### TASK GOAL
Return each line of the listing below, unchanged, and omit the images.

### MATERIAL SUPPLIED
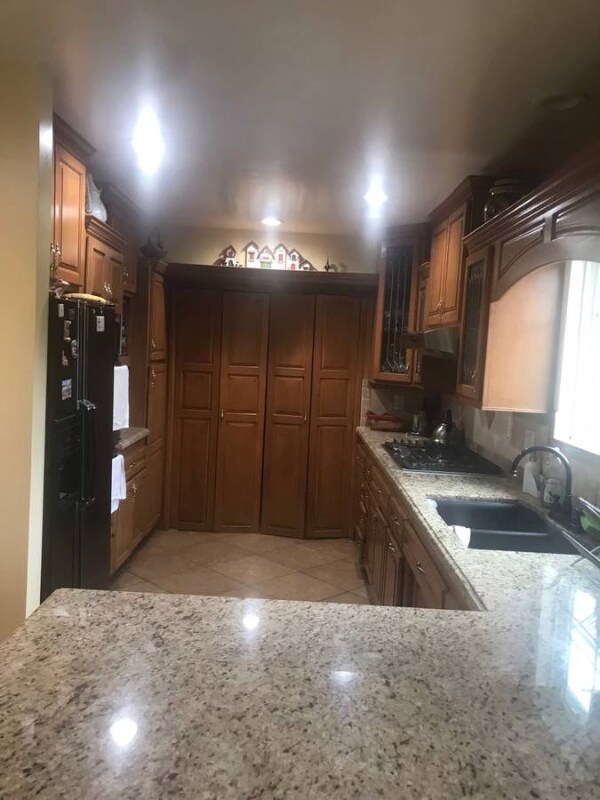 Foto del edificio - 1557 Linda Rosa Ave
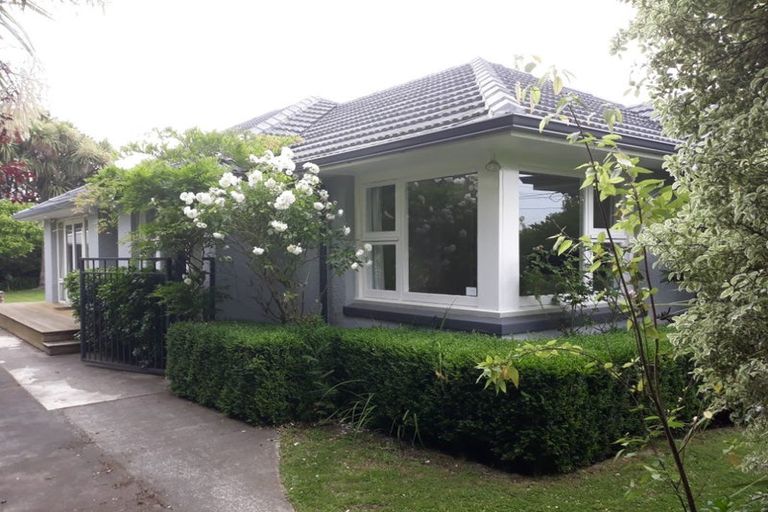 Photo of property in 14 Manor Place, Bryndwr, Christchurch, 8053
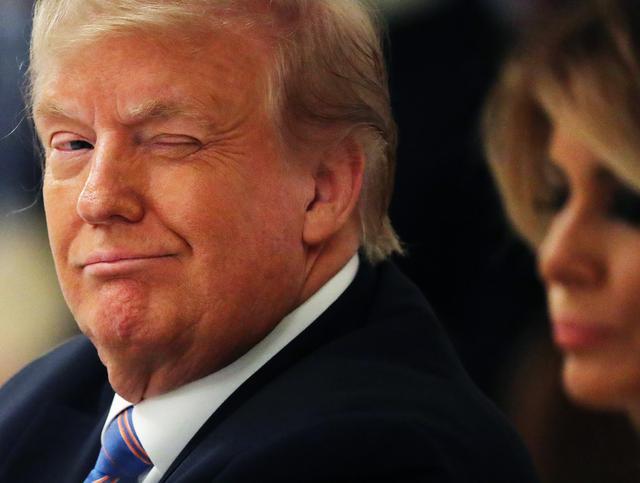 特朗普|入狱前4天特朗普动用特权，帮亲信减刑40个月刑期瞬间归零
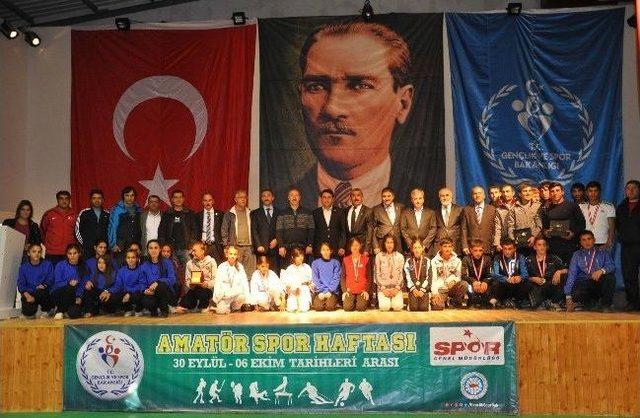 Muş’ta Amatör Spor Haftası Kutlamaları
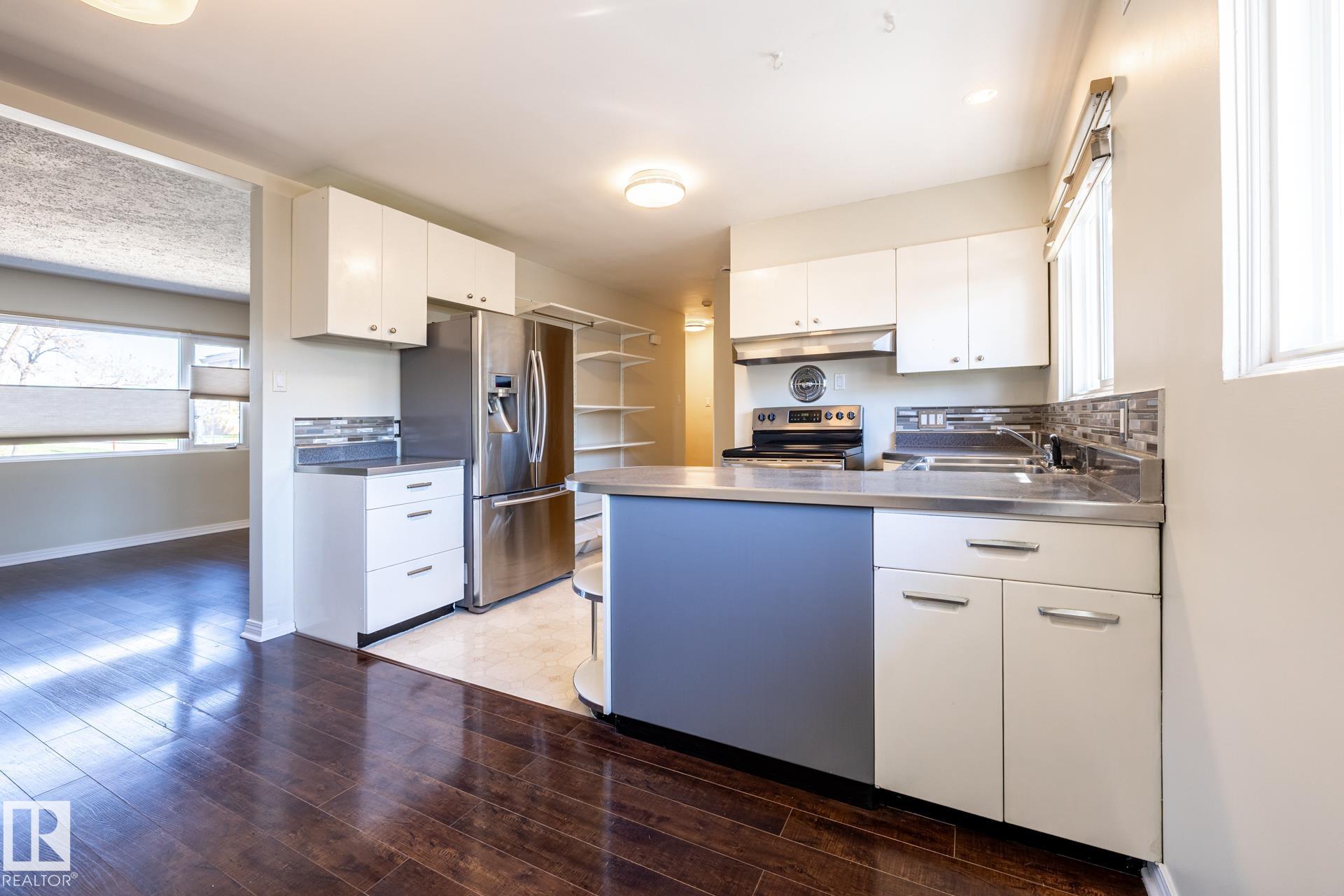 5703 106 Avenue NW, Fulton Place, Edmonton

### SOLUTION FOR THIS EXERCISE
 Foto del edificio - 1557 Linda Rosa Ave
 Photo of property in 14 Manor Place, Bryndwr, Christchurch, 8053
 特朗普|入狱前4天特朗普动用特权，帮亲信减刑40个月刑期瞬间归零
 Muş’ta Amatör Spor Haftası Kutlamaları
 5703 106 Avenue NW, Fulton Place, Edmonton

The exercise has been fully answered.